Lights, Camera … Lending!

Floating loans to movie producers and rock stars may not be the banking industry's cure-all. But for a pair of banks, the entertainment business has provided a well-timed safe harbor.

City National Corp. has continued to expand its growing entertainment lending group outside of its Los Angeles base, hiring bankers in New York and Nashville, Tenn.

Avenue Financial Holdings Inc., based in Nashville, has built its $370 million loan portfolio largely around entertainment since the company was formed in 2007.

Entertainment lending helped both companies offset exposure to businesses that were hit hard during the recession such as mortgages and commercial real estate. (About a quarter of the loans at each bank involves entertainment.)

To be sure, entertainment lending does have risks. The film industry is struggling with the rise of Internet-based distribution, while the music industry faces challenges from Internet downloads.

Ron Samuels, Avenue's chairman, president and chef executive, is optimistic. He says that the emergence of young musicians such as Justin Bieber and Taylor Swift — largely due to the Internet — is a good sign. "You can't ignore CD sales being down," but a new model is being defined, he says.

Debora Vrana, a spokeswoman for the $21.3 billion-asset City National, declined to comment.

Still, entertainment "has held up very well during the downturn," which has helped City National, says Aaron James Deer, an analyst at Sandler O'Neill & Partners LP. (Deer does not follow the $561 million-asset Avenue.)

It certainly helps both banks to have ties to show business.

Russell Goldsmith, City National's president and chief executive, is a former chairman of Republic Pictures, and Bruce Rosenblum, the president of Warner Bros. Television, is on the board.

Avenue lists Kix Brooks, formerly of the country-music duo Brooks & Dunn, as a founder and Joe Galante, a former Sony Music Nashville chairman, once was a director.

The companies also remain healthy by widely accepted metrics. City National Bank had a nonperforming assets ratio of 3.44% at March 31, and a total risk-based capital ratio of 15.91%, according to data from the Federal Deposit Insurance Corp. Avenue Bank's nonperforming assets ratio was 1.68% at March 31, and its total risk-based capital ratio was 12.26%.
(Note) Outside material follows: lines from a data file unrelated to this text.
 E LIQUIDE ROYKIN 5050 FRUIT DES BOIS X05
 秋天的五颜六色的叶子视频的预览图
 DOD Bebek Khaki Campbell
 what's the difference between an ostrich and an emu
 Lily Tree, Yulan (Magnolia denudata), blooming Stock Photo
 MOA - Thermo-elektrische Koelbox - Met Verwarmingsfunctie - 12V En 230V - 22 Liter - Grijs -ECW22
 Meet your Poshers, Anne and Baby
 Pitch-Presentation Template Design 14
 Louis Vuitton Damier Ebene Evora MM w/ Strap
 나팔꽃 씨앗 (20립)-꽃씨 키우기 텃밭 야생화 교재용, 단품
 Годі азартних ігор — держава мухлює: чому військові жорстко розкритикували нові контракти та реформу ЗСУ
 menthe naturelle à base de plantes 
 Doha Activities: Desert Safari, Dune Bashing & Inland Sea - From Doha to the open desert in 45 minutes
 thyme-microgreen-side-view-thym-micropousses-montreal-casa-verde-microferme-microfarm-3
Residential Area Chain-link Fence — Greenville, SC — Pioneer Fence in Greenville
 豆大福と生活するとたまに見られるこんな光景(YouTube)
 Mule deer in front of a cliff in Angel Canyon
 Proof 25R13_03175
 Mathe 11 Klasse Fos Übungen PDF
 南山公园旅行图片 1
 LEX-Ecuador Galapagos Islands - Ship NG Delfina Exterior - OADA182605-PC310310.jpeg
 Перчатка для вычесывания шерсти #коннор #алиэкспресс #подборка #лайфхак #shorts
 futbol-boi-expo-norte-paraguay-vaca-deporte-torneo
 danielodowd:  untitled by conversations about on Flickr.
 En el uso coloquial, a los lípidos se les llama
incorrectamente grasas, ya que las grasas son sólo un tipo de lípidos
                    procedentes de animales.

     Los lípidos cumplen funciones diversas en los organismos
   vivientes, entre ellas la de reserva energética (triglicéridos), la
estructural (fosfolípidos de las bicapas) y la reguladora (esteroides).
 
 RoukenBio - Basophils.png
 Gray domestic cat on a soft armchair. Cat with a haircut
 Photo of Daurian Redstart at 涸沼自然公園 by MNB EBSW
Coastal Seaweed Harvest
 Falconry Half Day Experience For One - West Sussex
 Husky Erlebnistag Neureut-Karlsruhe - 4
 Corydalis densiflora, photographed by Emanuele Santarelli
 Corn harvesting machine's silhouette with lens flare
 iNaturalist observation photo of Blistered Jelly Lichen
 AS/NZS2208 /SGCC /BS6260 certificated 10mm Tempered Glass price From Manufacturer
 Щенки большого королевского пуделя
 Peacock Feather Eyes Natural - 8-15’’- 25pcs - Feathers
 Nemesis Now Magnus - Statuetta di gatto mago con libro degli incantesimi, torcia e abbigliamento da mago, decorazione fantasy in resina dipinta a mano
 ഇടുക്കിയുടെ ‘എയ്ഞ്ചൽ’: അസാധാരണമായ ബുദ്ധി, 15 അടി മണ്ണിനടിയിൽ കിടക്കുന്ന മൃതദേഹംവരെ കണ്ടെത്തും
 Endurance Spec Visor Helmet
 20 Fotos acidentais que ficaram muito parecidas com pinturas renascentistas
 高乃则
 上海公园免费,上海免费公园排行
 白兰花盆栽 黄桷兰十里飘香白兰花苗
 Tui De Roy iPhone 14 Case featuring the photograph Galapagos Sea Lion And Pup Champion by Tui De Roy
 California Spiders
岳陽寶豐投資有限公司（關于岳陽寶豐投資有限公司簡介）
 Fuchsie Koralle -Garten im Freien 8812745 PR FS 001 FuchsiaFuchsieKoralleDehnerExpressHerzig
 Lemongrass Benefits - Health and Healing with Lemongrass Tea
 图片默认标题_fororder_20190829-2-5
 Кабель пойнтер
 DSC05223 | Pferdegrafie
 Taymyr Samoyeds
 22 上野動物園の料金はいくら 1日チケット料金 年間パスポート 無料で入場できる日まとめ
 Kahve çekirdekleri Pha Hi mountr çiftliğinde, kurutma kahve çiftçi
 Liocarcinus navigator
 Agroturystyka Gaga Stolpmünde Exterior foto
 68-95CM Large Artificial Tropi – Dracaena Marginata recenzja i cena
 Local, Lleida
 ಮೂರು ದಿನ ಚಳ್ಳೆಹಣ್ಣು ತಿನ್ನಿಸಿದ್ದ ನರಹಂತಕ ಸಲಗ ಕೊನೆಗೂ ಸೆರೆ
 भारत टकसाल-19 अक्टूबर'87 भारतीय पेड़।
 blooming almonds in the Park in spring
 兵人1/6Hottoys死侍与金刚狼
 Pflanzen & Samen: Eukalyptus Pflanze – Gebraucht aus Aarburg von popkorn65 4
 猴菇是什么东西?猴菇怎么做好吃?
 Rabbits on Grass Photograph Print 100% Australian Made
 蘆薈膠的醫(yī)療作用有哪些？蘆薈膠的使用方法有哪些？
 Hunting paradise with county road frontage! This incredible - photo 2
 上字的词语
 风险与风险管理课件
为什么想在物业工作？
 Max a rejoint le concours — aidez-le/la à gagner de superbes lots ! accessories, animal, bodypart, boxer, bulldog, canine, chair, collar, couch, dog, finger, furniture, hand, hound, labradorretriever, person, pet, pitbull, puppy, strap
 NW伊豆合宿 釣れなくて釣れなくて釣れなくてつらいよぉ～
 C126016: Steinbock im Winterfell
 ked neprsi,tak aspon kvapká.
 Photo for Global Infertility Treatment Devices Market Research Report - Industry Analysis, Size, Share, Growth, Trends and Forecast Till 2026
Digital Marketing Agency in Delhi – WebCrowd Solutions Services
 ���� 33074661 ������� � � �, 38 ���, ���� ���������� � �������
City National and Avenue typically fight against bigger rivals for entertainment clients. They include Wells Fargo & Co.'s Wells Fargo Private Bank and Republic Bank, which regained its indepedence last year after years of ownership by Merrill Lynch & Co. and Bank of America Corp.

A key way to compete involves luring talent from the big banks. Earlier this month, City National hired bankers from Comerica Inc. and Wells Fargo to join its New York office. In June, it lured another Wells Fargo banker in Nashville.

From a banking perspective, the New York and Nashville markets are "big deposit generators," says Jeff Davis, an analyst at Guggenheim Securities LLC. "It's not just a niche for City National, it's a meaningful piece of their business," he says.

City National does not detail where it makes loans in the entertainment industry. Analysts say the business has three components: private banking for affluent clients, transactional loans for production and other entertainment projects, and daily operational loans to ancillary businesses.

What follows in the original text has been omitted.